Without changing a single word, set down all of the records.

++++ Records for processing

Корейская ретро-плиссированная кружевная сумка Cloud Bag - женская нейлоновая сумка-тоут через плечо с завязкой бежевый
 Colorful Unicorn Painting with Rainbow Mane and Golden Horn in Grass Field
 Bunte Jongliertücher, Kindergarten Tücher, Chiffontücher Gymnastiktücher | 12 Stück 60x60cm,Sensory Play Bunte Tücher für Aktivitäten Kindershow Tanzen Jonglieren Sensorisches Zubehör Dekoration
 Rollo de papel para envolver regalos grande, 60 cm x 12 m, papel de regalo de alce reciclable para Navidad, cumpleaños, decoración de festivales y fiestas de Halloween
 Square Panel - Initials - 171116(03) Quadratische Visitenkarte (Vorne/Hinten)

++++++++

Solution to this exercise:
Корейская ретро-плиссированная кружевная сумка Cloud Bag - женская нейлоновая сумка-тоут через плечо с завязкой бежевый
 Colorful Unicorn Painting with Rainbow Mane and Golden Horn in Grass Field
 Bunte Jongliertücher, Kindergarten Tücher, Chiffontücher Gymnastiktücher | 12 Stück 60x60cm,Sensory Play Bunte Tücher für Aktivitäten Kindershow Tanzen Jonglieren Sensorisches Zubehör Dekoration
 Rollo de papel para envolver regalos grande, 60 cm x 12 m, papel de regalo de alce reciclable para Navidad, cumpleaños, decoración de festivales y fiestas de Halloween
 Square Panel - Initials - 171116(03) Quadratische Visitenkarte (Vorne/Hinten)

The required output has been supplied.